Tech Drives Rebound; Treasury Yields Edge Higher
The S&P 500 recorded its largest gain since early June, while the Nasdaq 100 rose 1.5%. The “Magnificent Seven” tech giants, including Tesla and Nvidia, witnessed a rise of approximately 2.5%. Meanwhile, the Nasdaq Golden Dragon China Index, which tracks US-listed Chinese stocks, advanced by 2.8%. Treasury yields inched higher, setting the tone for upcoming economic readings and the Federal Reserve’s favored inflation measure. In July, anticipation of a rate cut in September boosted shorter-term bonds, narrowing their gap with long-term maturities. Australian bond yields also increased for a third consecutive day, although the currency stabilized after experiencing its longest losing streak in eleven months amid falling commodity prices. The US dollar remained steady in early Asian trading.
Strategists Remain Confident
BlackRock Investment Institute’s strategists reiterated their belief in US equities following the worst week for the S&P 500 in three months. They emphasized the benefits of using market pullbacks as opportunities to invest in stocks. Notwithstanding short-term fluctuations attributed to a small-cap rally, they highlighted that big tech would likely continue driving market returns, fueled by positive earnings reports.
Last week saw a shift from high-performing megacap stocks to riskier, less-performing sectors, driven by expectations of Fed rate cuts and the potential for more trade restrictions on chipmakers. JPMorgan Chase & Co. strategists observed that S&P 500 profit estimates for the second quarter have not been significantly lowered, suggesting limited scope for disappointment this earnings season.
Key Events and Market Movements
Essential events this week include the Eurozone consumer confidence report and US existing home sales data on Tuesday. Alphabet, Tesla, and LVMH are set to release earnings on the same day. Wednesday will see a rate decision from Canada and reports on US new home sales and S&P Global PMI. IBM and Deutsche Bank's earnings are expected then as well. Thursday's key data points are Germany’s IFO business climate, US GDP, initial jobless claims, and durable goods orders. Friday holds insights on US personal income, PCE, and University of Michigan consumer sentiment.

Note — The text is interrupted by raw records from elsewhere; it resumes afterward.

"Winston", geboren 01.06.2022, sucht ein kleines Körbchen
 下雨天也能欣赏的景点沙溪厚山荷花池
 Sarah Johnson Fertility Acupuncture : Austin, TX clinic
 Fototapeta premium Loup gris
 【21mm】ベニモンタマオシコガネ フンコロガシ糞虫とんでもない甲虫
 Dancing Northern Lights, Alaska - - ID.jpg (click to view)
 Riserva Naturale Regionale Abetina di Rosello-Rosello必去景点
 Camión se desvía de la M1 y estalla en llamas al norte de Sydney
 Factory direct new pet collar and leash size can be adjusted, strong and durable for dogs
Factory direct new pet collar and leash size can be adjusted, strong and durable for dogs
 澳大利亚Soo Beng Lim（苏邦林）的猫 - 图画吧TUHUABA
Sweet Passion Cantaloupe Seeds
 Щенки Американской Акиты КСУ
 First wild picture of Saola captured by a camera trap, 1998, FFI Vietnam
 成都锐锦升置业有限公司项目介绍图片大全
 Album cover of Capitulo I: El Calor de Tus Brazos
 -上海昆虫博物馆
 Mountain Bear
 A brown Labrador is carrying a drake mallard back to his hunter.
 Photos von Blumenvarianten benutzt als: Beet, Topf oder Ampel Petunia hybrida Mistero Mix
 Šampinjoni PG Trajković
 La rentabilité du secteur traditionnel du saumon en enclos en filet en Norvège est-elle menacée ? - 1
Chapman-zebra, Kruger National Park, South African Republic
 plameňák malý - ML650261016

As markets gear up for these events, futures on various indices have shown positive movement. Hang Seng futures rose 0.4%, S&P/ASX 200 futures increased 0.7%, and Nikkei 225 futures were up 1%. The S&P 500 futures remained stable after the index's 1.1% gain, while Nasdaq 100 futures fell 0.1% following a 1.5% increase. The Bloomberg Dollar Spot Index and the Australian dollar showed little change. In cryptocurrencies, Bitcoin fell 0.6% to $67,706.51, and Ether remained steady at $3,490.75. Bond yields on 10-year Treasuries and Australia’s 10-year yield edged up slightly. In commodities, West Texas Intermediate crude and spot gold experienced minimal changes.